EXERCISE: Retype, exactly and only, each line from the one containing "Lace Up Round Toe Sneakers" to the end of the records below.

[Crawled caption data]
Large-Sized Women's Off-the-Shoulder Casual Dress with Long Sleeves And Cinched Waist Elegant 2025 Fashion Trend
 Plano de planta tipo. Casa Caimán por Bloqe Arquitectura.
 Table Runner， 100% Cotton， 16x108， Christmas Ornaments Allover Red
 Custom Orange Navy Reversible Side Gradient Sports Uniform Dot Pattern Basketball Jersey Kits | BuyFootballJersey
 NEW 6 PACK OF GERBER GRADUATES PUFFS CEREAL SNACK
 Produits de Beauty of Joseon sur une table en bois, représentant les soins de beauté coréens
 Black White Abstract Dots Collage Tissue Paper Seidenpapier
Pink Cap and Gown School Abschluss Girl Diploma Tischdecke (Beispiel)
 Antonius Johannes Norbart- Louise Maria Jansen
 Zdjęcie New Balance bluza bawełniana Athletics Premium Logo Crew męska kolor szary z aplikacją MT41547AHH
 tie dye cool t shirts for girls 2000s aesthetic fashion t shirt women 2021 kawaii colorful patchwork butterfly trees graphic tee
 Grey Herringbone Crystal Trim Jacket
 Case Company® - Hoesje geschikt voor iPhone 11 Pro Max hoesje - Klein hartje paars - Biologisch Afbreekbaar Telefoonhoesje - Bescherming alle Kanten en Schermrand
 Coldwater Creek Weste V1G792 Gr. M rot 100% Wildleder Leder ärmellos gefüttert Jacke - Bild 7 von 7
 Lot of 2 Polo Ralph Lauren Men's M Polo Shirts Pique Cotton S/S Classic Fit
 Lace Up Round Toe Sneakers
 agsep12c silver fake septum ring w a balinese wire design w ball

ANSWER TO THE PROBLEM:
 Lace Up Round Toe Sneakers
 agsep12c silver fake septum ring w a balinese wire design w ball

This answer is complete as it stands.